Your goal
If a line in the data holds the string "image", list it.

::: Records for the exercise :::

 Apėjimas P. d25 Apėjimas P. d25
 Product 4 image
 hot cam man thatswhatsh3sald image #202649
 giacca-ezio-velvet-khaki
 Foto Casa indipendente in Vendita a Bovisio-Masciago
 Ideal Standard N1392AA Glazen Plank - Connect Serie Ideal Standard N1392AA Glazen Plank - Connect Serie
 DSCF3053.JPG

:::
::: Records for the exercise :::

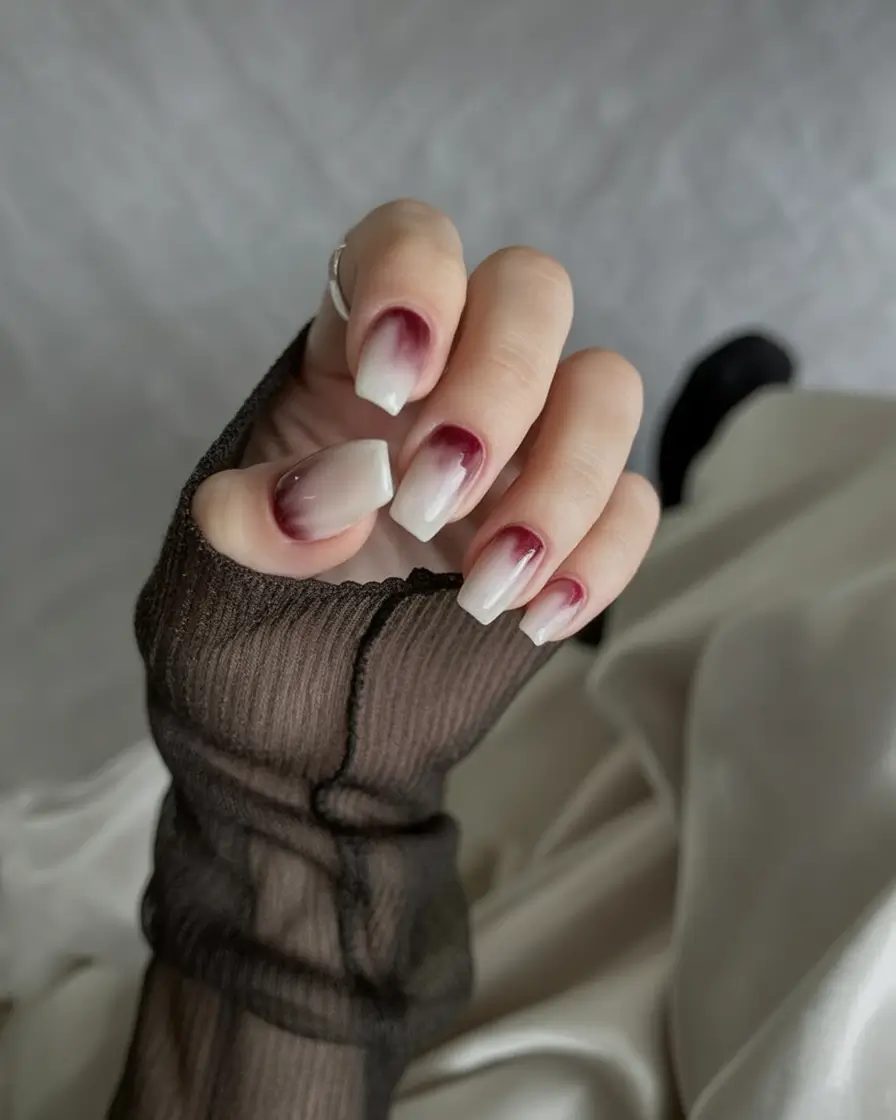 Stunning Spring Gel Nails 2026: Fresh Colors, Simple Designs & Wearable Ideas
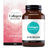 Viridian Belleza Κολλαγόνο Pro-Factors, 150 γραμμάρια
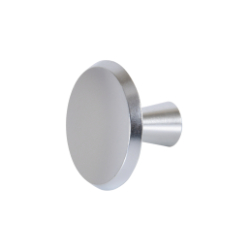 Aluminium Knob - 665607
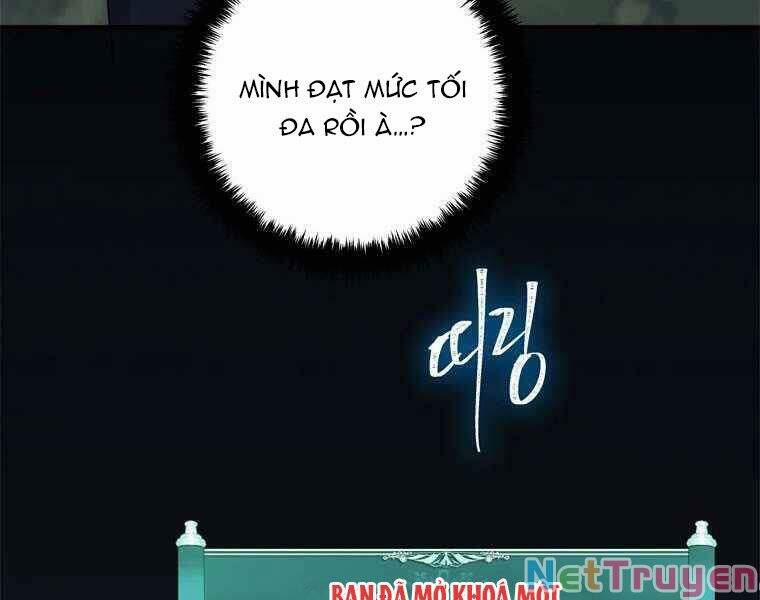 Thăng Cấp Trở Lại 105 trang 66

:::

Exercise solution
 Product 4 image
 hot cam man thatswhatsh3sald image #202649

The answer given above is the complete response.